Matty, in fact, represents Golding’s farewell to the quasi-mystical protagonist and cosmic—but vivid and immediate—world that were the disconcerting moral inventions of his early novels, and which so amply justified the award to him in 1983 of the Nobel Prize in Literature. With Rites of Passage and its two successors in the trilogy To the Ends of the Earth, his fiction enters the traditional mainstream: no accident that it was Rites of Passage that won him the Booker Prize. It is only with The Double Tongue, that uncanny and unfinished investigation of the nature of creative utterance, pitting (literally) divine inspiration against rational intelligence, that we sense an exciting return to the old questing originality.

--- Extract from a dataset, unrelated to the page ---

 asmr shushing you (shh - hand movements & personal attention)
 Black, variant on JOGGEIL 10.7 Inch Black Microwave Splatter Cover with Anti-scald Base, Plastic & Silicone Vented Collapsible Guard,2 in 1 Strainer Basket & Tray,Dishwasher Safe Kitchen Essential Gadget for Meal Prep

Golding’s Euripidean anti-clericalism helped him to draw a marvelous portrait of the rational, cynical, well-read, and carefully profit-conscious Delphic high priest Ionides. This charming ironist finds himself landed with a new Pythia, called Arieka, who may—disconcertingly, because he does not really believe in it—be the real thing, Apollo’s true mouthpiece. She, reminiscing in her eighties (like Golding when he created her), recalls a devastating, mindless possession and rape of her by the god during her first mantic session as a young girl, amid mad laughter, her mouth torn and bloody. “One mouth or the other!” the voice cries in her head. But which one?
That puzzle, as always with Golding, remains unsolved. Had he lived longer, would he have come nearer to the answer? Is there a vox Dei beyond the reach of scientific explanation? Are the two (as Golding, through Arieka, sometimes seems to hint) irremediably confused? We cannot tell. So let Arieka herself have the last word. The final event she records in her memoir (supposedly written late in the first century B.C.E.) is the offer of a statue by the Athenians to honor her long career as Pythia. What they should rather do, she suggests, is erect a simple altar with a dedicatory inscription: “To the Unknown God.” I can almost hear Bill’s sly chuckle as he wrote those closing words. Not everyone has the privilege of giving themselves so appropriate, and so ambiguous, an exit line.